Required action — Print each line exactly, from the one with "Protefix / Protefix" to the very last line of the listing, and keep the pictures out.

Provided data Start Marker

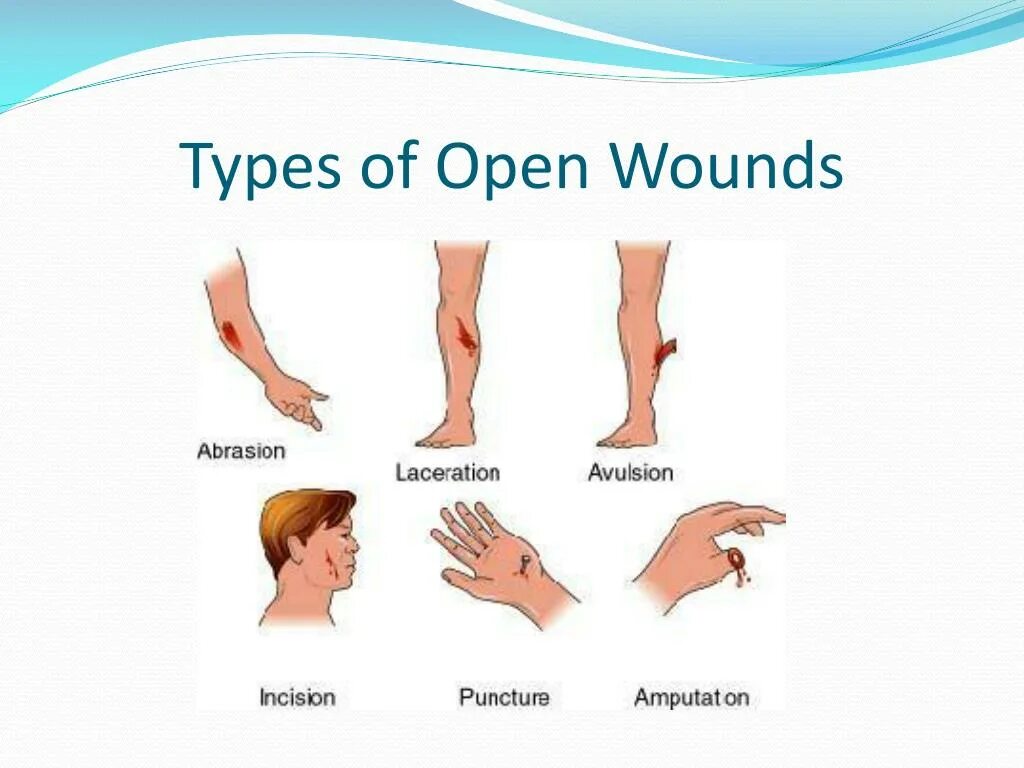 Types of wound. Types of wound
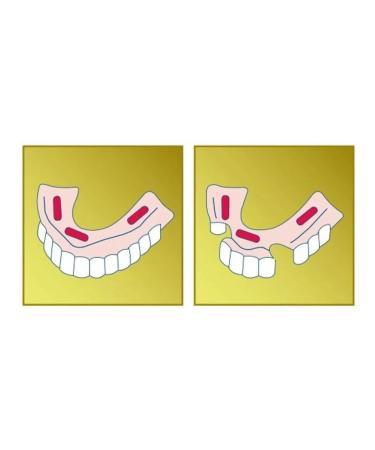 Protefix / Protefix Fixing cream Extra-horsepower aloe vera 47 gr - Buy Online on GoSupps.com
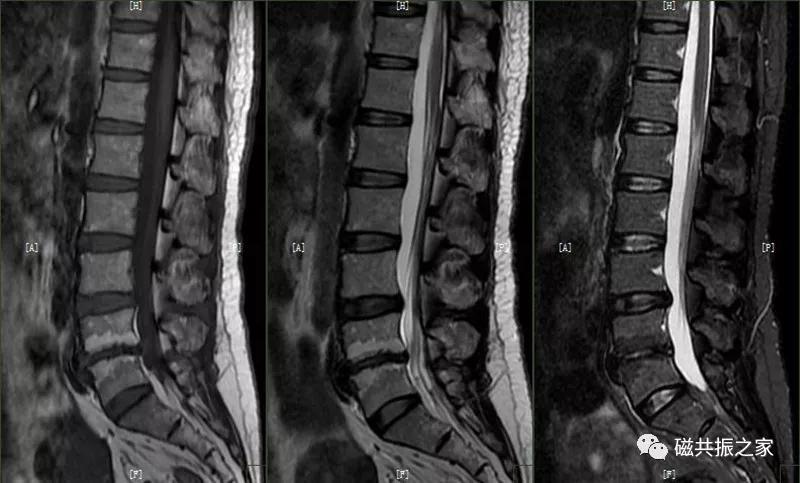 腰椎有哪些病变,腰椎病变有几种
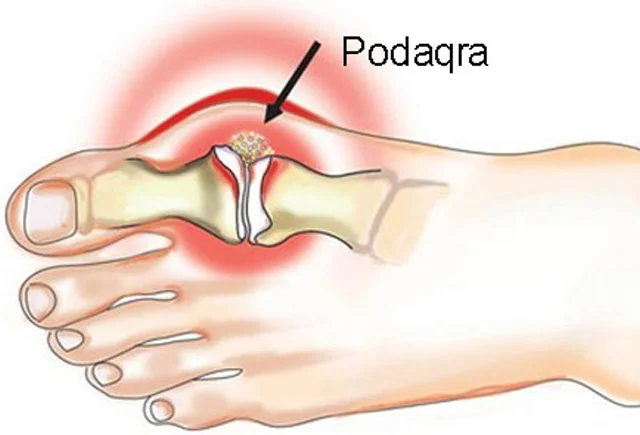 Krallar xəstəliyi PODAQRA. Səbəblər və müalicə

Provided data End Marker

Exercise response —
 Protefix / Protefix Fixing cream Extra-horsepower aloe vera 47 gr - Buy Online on GoSupps.com
 腰椎有哪些病变,腰椎病变有几种
 Krallar xəstəliyi PODAQRA. Səbəblər və müalicə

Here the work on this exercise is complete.